Иришка не отводила взгляда от печи. Она вглядывалась в каждый кирпич, в замысловатый узор заслонки, в мягкий отсвет пламени на чугунной поверхности. Это была уже не просто печь. Это был живой свидетель, хранитель, молчаливый великан, спасший самую дорогую ей на свете человеку.
— Бабушка, — тихо, почти шёпотом, начала девочка, боясь спугнуть хрупкое очарование момента. — А что было утром? Когда ты вылезла… Как ты дошла до дома?
Я тогда и побежала домой, что есть сил. Добежала, в избу ввалилась, к мамке на шею кинулась, плачу, а рассказать ничего не могу. Не поверила бы она. Сказала бы, что мне померещилось. Только с той поры я печь нашу по-особенному стала чувствовать. Она живая. В ней душа того печника, что её складывал, осталась.

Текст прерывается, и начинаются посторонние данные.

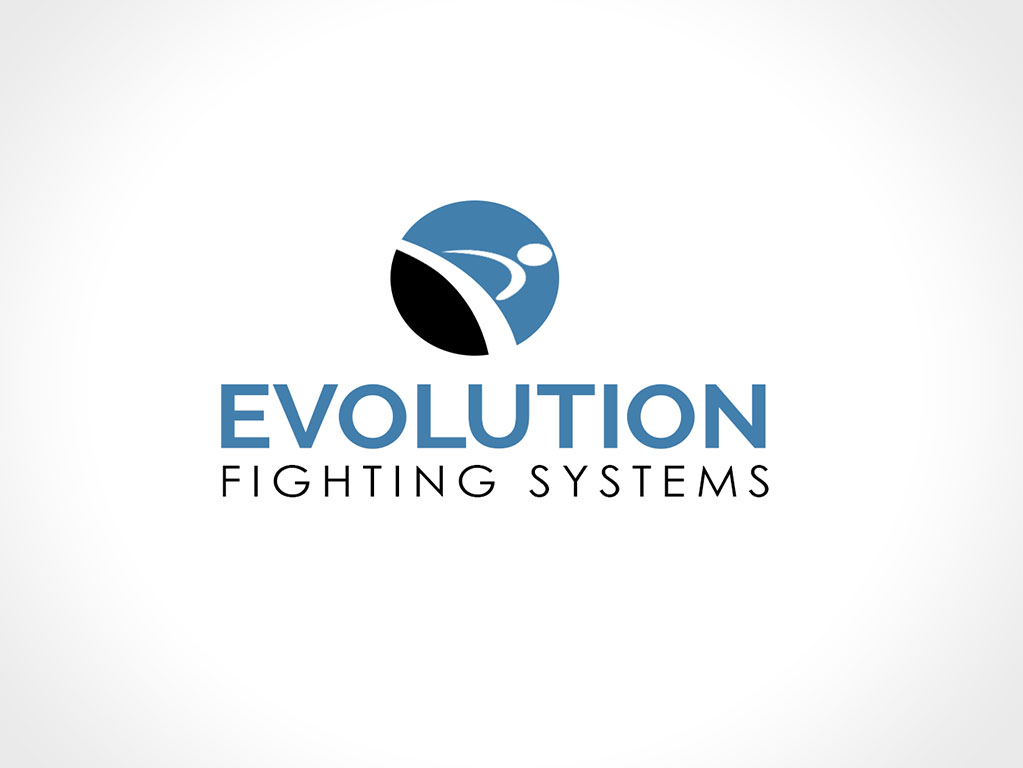 Logo Design by Creations Box 2015 for Evolution Fighting Systems | Design #10675393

Добрая, светлая душа.
Бабушка поднялась с лавки, её движения были медленными, полными какого-то древнего ритуала. Она подошла к печи, положила на тёплый бок ладонь, погладила шершавую поверхность, как гладят старого верного друга.
— Пока в ней огонь горит, пока мы её помним и благодарим — лихая сила, недобрая, стороной наш дом обходит. Потому что знает — здесь есть защита. Здесь есть сила покрепче ихней. Сила дома. Сила рода.
— Вот и вся история, Иришенька. Не сказка она, а быль. Моя быль. Теперь и ты её знаешь.
Иришка подошла к бабушке и прижалась к ней. Потом, повторяя её жест, осторожно, с почтительным трепетом, прикоснулась к печи. Кирпич был шершавым, живым и очень тёплым. Казалось, что под пальцами чувствуется не просто тепло от огня, а глубокое, ровное, дремлющее тепло самой жизни.
— Спасибо, — прошептала она. Спасибо печи. Спасибо бабушке. Спасибо тому неизвестному мастеру, чьи руки сложили эту крепость.
В эту же секунду в печи громко щёлкнуло прогорающее полено, и тень от кочерги качнулась на стене, будто кто-то кивнул в ответ.
За окном по-прежнему стояла морозная лунная ночь. Но теперь в доме было не просто тепло. Теперь в нём было по-настоящему безопасно. Иришка знала это точно.